Transformers Applied to Short-term Solar PV Power Output Forecasting
Andea Scott, Sindhu Sreedhara, Folasade Ayoola

TL;DR
This paper explores the application of transformer architectures to short-term solar PV power output forecasting, comparing its performance with convolutional neural networks on image data over a year.
Contribution
It introduces a transformer-based model for solar PV output prediction and evaluates its effectiveness against existing CNN models using real-world data.
Findings
Transformer performs nearly as well as CNN in PV output prediction.
Transformer underperforms CNN on sunny days.

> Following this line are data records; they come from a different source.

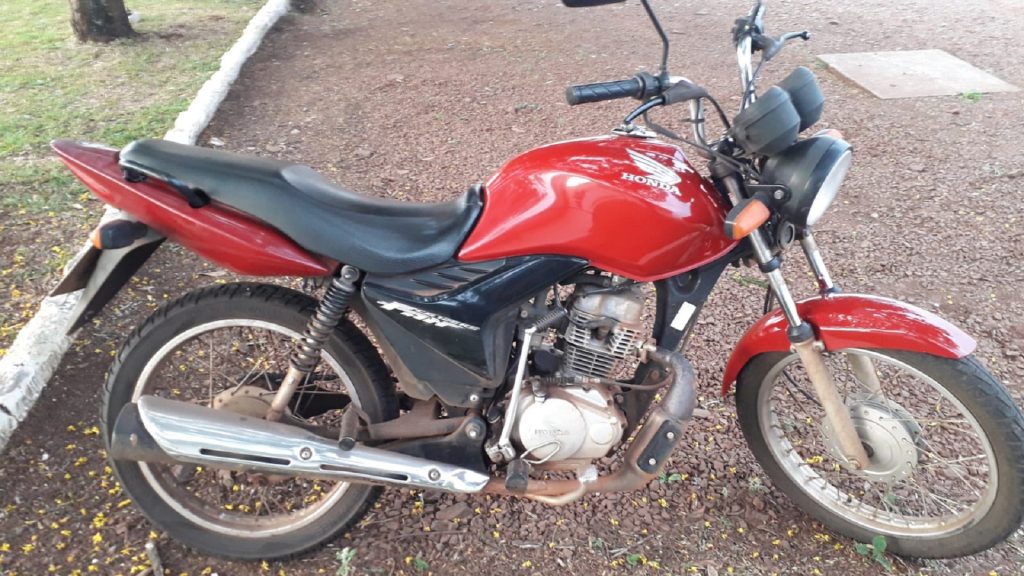 Internauta procura moto que foi furtada no Centro de Cascavel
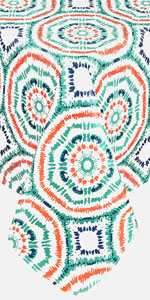 Tye Dye, vinyl, tablecloths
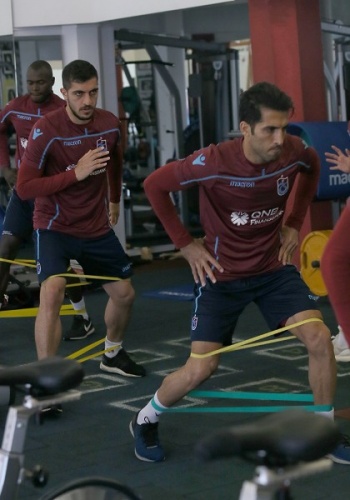 Trabzonspor Ünal Karaman yönetiminde Kuvvet çalışması yaptı. 16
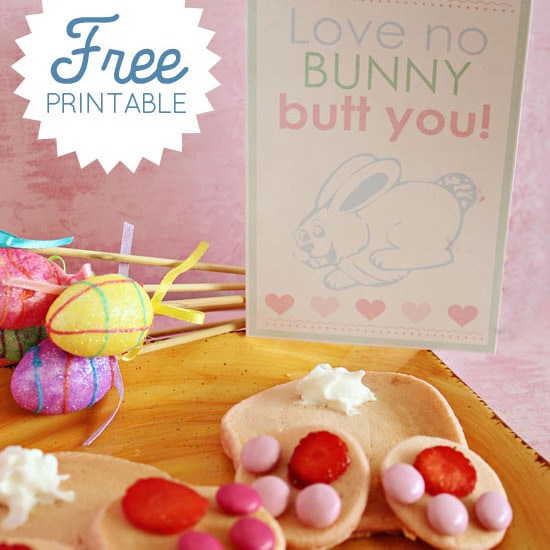 Love No Bunny Butt You bunny pancakes printable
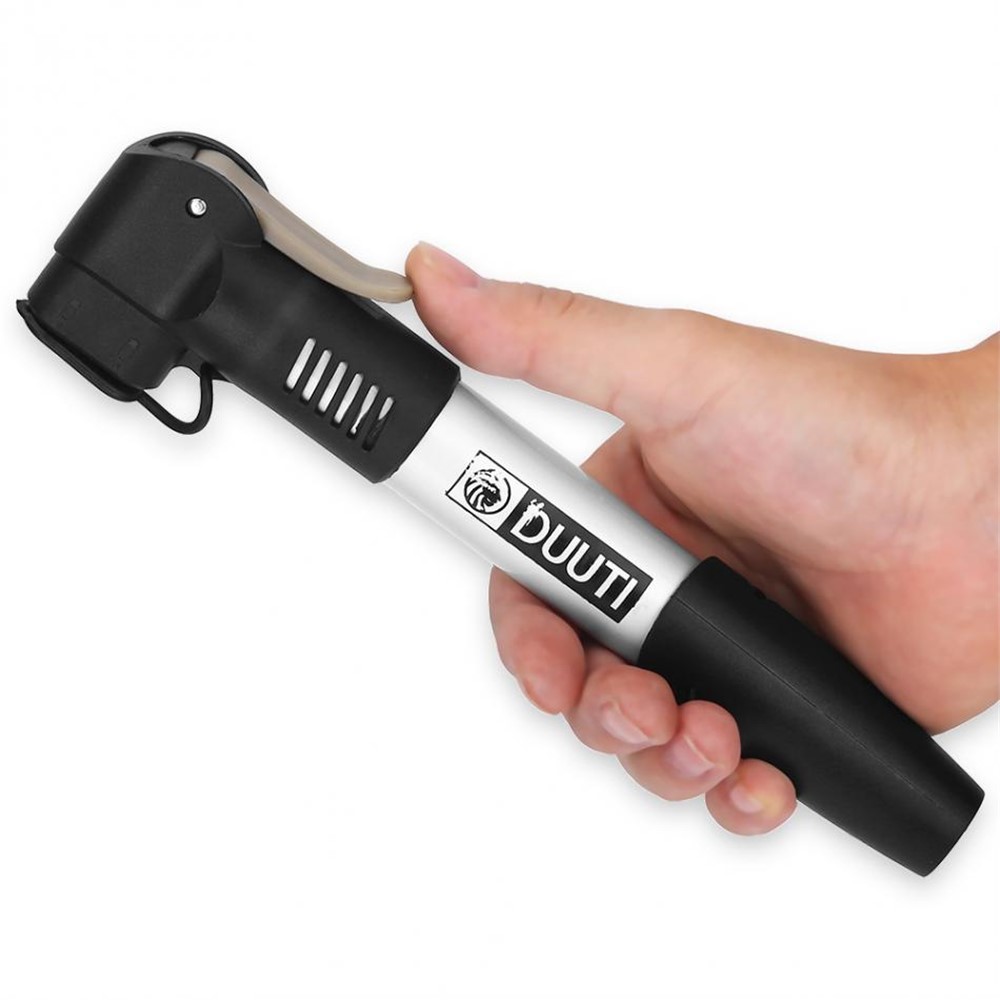 DUUTI Aluminum Alloy Portable Bicycle Tyre Air Pump with Mounting Bracket-3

Model tuning with learning rate and batch size impacts results.
Abstract
Reliable forecasts of the power output from variable renewable energy generators like solar photovoltaic systems are important to balancing load on real-time electricity markets and ensuring electricity supply reliability. However, solar PV power output is highly uncertain, with significant variations occurring over both longer (daily or seasonally) and shorter (within minutes) timescales due to weather conditions, especially cloud cover. This paper builds on existing work that uses convolutional neural networks in the computer vision task of predicting (in a Nowcast model) and forecasting (in a Forecast model) solar PV power output (Stanford EAO SUNSET Model). A pure transformer architecture followed by a fully-connected layer is applied to one year of image data with experiments run on various combinations of learning rate and batch size. We find that the transformer architecture…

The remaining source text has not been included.